Ternyata yang jadi sebab utama karena umat Islam di Indonesia kebanyakannya memang tidak mengerti hukum Islam, bahkan merasa asing, aneh dan merasa takut, jijik, dan phobia luar biasa. Kalau pun ada yang belajar agama, jumlahnya amat terbatas. Ulama bukannya tidak ada, tapi terlalu sedikit dibandingkan dengan jumlah bangsa Indonesia.

Sehingga muslim nusantara ini sekedar menjadi muslim secara kulit terluarnya, tetapi isi fikrah dan ideologi dasarnya tidak terbentuk dengan ilmu-ilmu keislaman.

Seandainya kerajaan Islam nusantara dahulu membangun tradisi keilmuwan, perguruan agama, dan universitas Islam, barangkali lain ceritanya. Sebab mereka akan punya SDM ulama yang kuat, dalam jumlah yang banyak, serta rakyat yang terdidik cerdas dalam ilmu-ilmu keislaman.

Tapi buat apa kita sekarang menyesalinya, toh zaman itu sudah berlalu. Yang sekarang bisa kita lakukan mungkin belajar dari masa lalu.

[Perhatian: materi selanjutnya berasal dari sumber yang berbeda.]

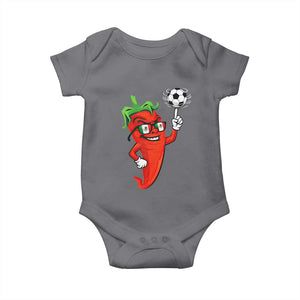 Cool Chili Pepper Soccer Player Baby Onesie Mexican Spicy Food Lover TS12 Charcoal Print Your Wear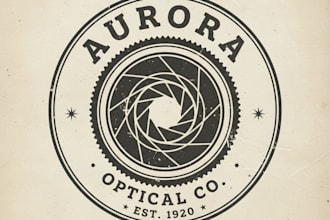 design a vintage photo lens logo with classic photography charm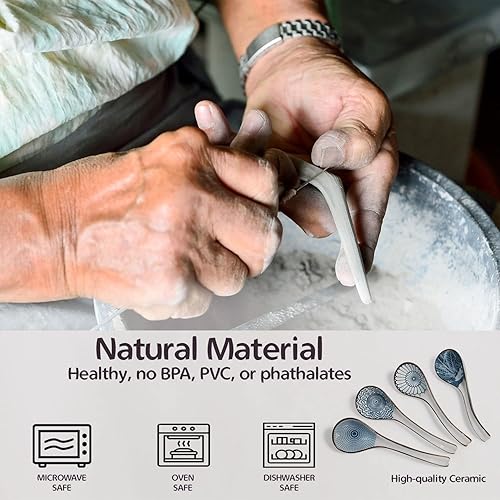 Miniatura 6 de Cuchara de sopa de cerámica asiática, con mango largo fácil de sostener, parte inferior antideslizante, para ramen japonés, wonton chino y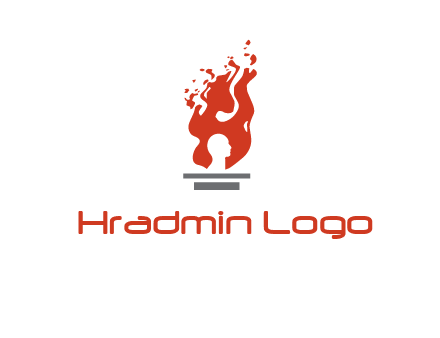 person face inside fire icon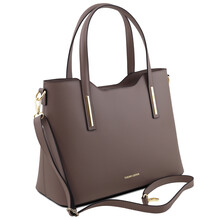 Geantă de umăr tote Tuscany Leather din piele naturală taupe închis Olimpia
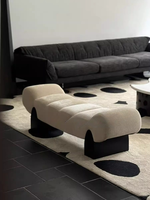 Banc ottoman haut de gamme en bois massif et tissu, style vintage, pour changer de chaussures – Pièce design pour salons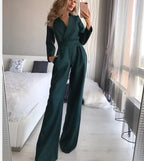 Women's Fitted Long Sleeve Jumpsuit – Tailored Evening Occasion Jumpsuit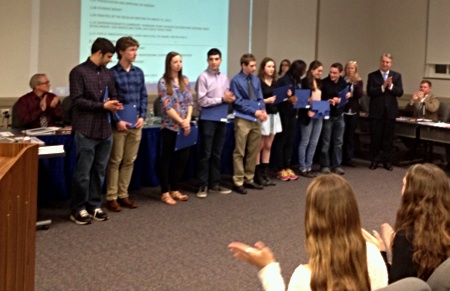 Suffern High School National Merit Scholars are recognized by the Ramapo Central School  Board during an evening of honoring outstanding achievement by district high school students.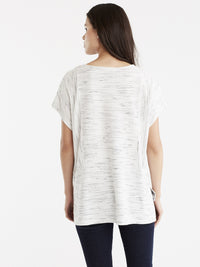 Split Crew Neck Dolman Tee Color Black Combo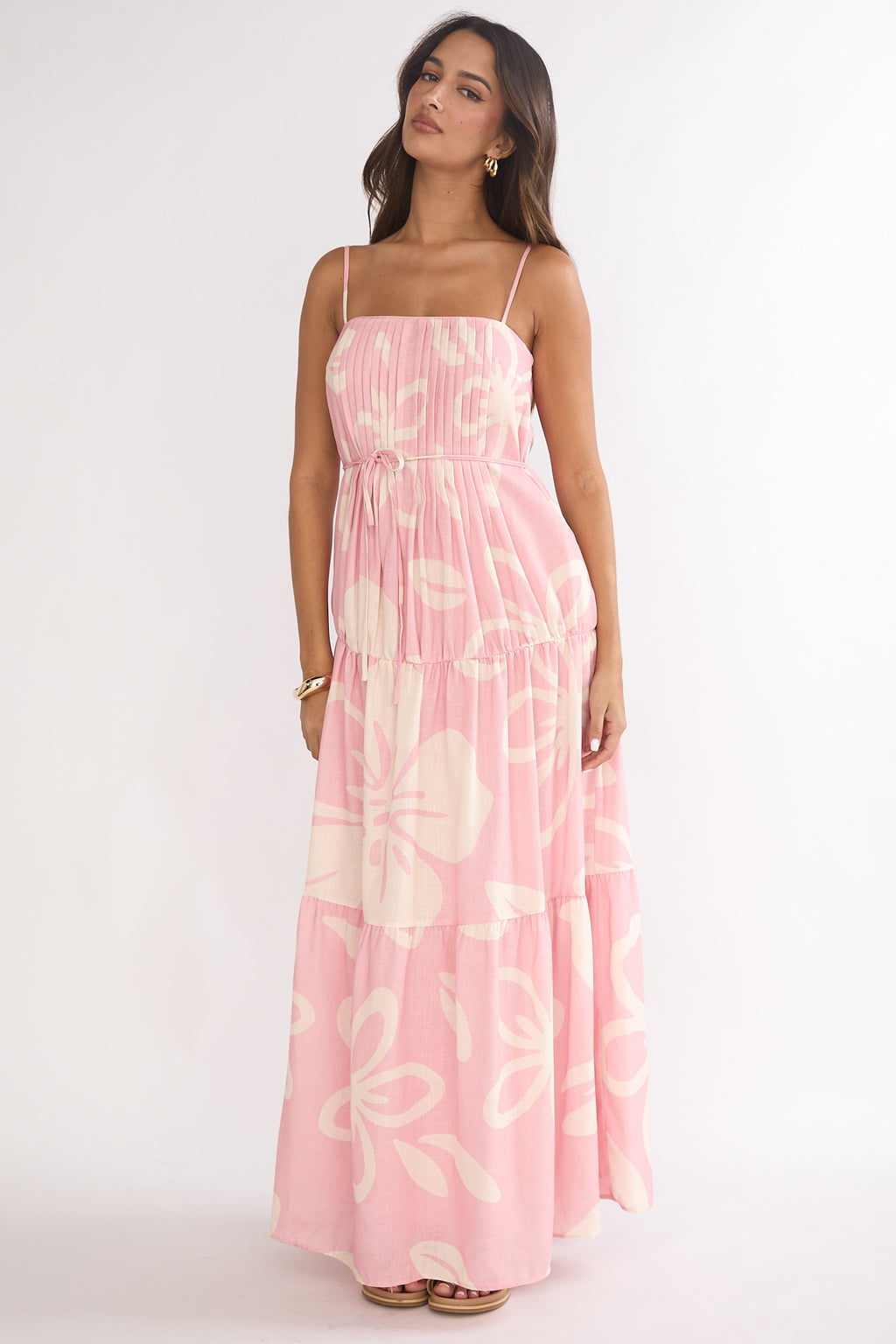 Lysette Pintuck Pleat Maxi Dress Floral by Selfie Leslie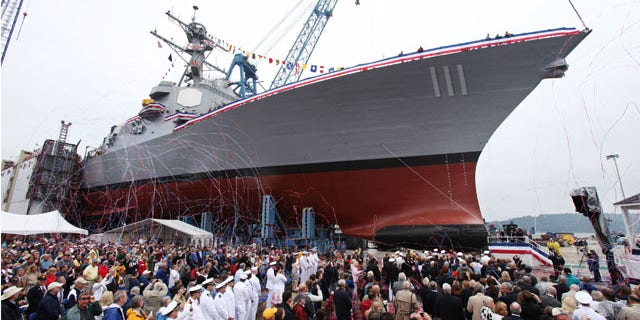 June 5: The Spruance is seen during the christening ceremony at Bath Iron Works in Bath, Maine. (AP)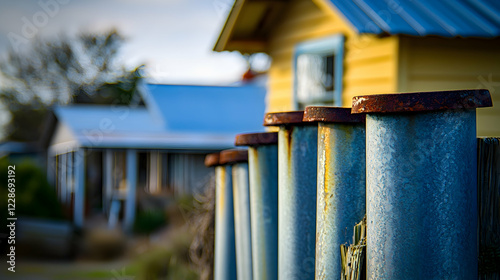 Rustic blue metal fence posts, weathered, coastal village backdrop, sunset light, architectural detail photo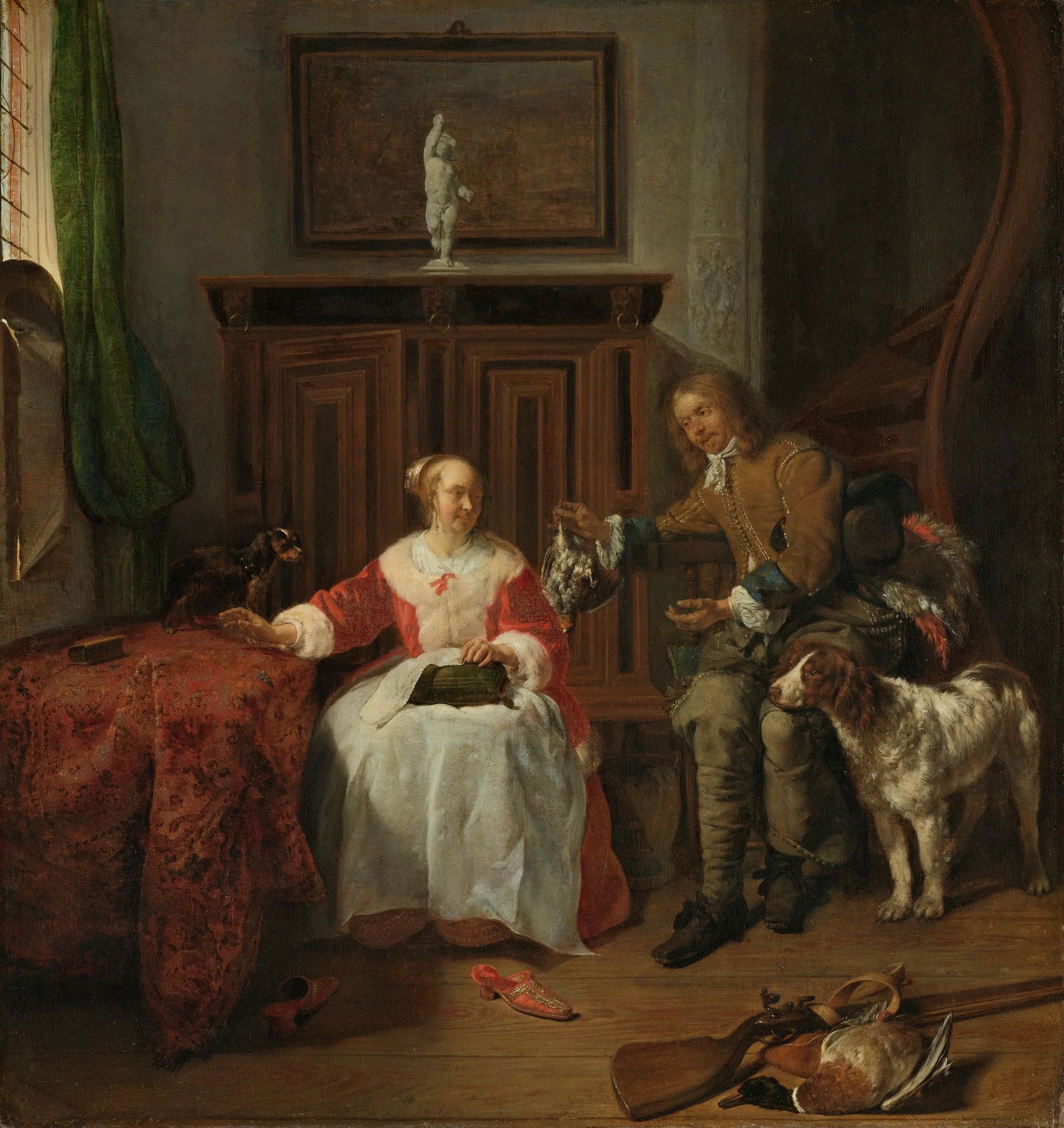 Le cadeau du chasseur - Gabriel Metsu image 1 reproduction artisanale de tableau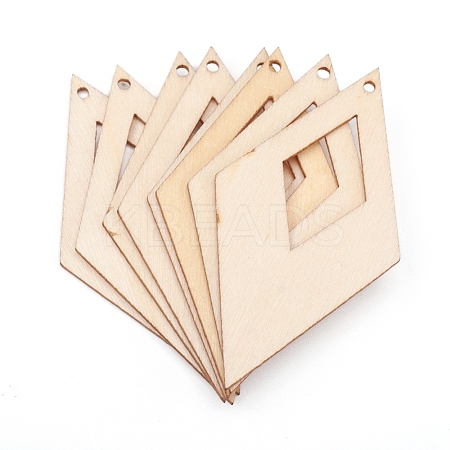 Natural Wood Big Pendants DIY-WH0166-32C-1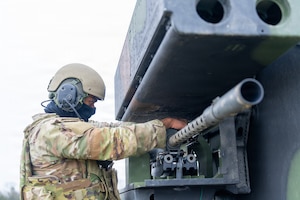 A Soldier assigned to 1-57 ADA prepares the Avenger to fire during Dynamic Front 26.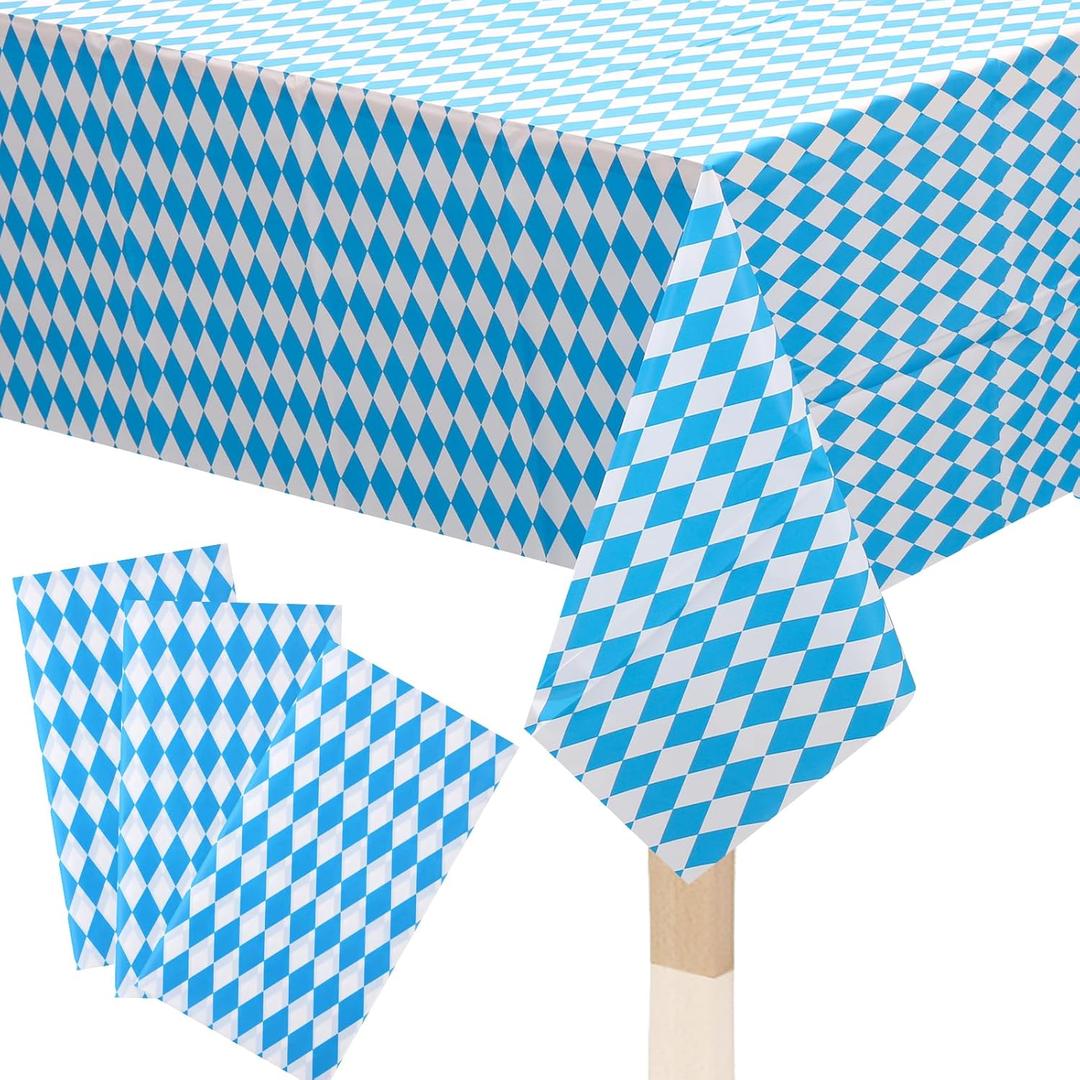 4 x 3pcs Oktoberfest Blue White German Tablecloths, Bavarian Vinyl Rectangle Plastic Checkered Tablecover 54 x 108in, Beers Festival Party Accessories for Oktoberfest Decorations Camping Picnic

Dan sebenarnya intinya cukupsederhana, yaitu mari kita bangun institusi pendidikan ilmu keislaman itu. Syaratnya harus profesional, original, fokus dan mendapat perhatian yang serius.

Sayangnya, urusan yang terakhir, yaitu 'mendapat perhatian serius' itu yang tidak ada saat ini. Buktinya, belum banyak para tokoh pemimpin umat yang sadar betapa pentingnya pendidikan Islam dan pengkaderan ulama. Mereka masih asyik dengan seabreg kegiatan, baik sosial atau pun politis.

Mungkin mereka tidak menyadari bahwa penjajah Belanda sekalipun ketika menjajah, tidak lupa membangun sekolah dan kampus, untuk melahirkan generasi yang terdidik dengan tsaqafah bangsa itu.

Sekolah dan kampus milik umat sekarang ini memang banyak, tapi sayangnya, orientasi dan kualitasnya sama sekali tidak menyentuh akar masalah. Sekolah dan kampus milik umat Islam saat ini hanya sekedar lembaga formal, jauh dari kesan sebuah lembaga pengkaderan ulama yang ahli di bidang ilmu syariah.

Maka meski usia sekolah dan kampus milik umat Islam itu sudah puluhan tahun, kita tidak menemukan para ulama lahir di dalamnya.

Ternyata sekolah dan kampus Islam tidak mendapat perhatian serius dari para tokoh umat. Mereka rajin bikin kegiatan, rajin berpolitik, rajin membangun institusi, bahkan rajin bikin ormas, tapi tidak rajin memberi perhatian kepada terbentuknya lembaga pendidikan dan pengkaderan ulama yang berkualitas.

Akhirnya yang muncul di pentas hanya artis dan badut yang mengaku-ngaku ulama, hobinya nongol di TV untuk sekedar melakukan (maaf) 'onani pentas dakwah'. Tidak bisa melahirkan umat yang melek ilmu syariah.

Al-Islamu Mahjubun bil Muslimin, cahaya benderang Islam redup hanya lantaran tertutup oleh kedegilan umatnya yang tidak paham agamanya. by: ust ahmad sarwat.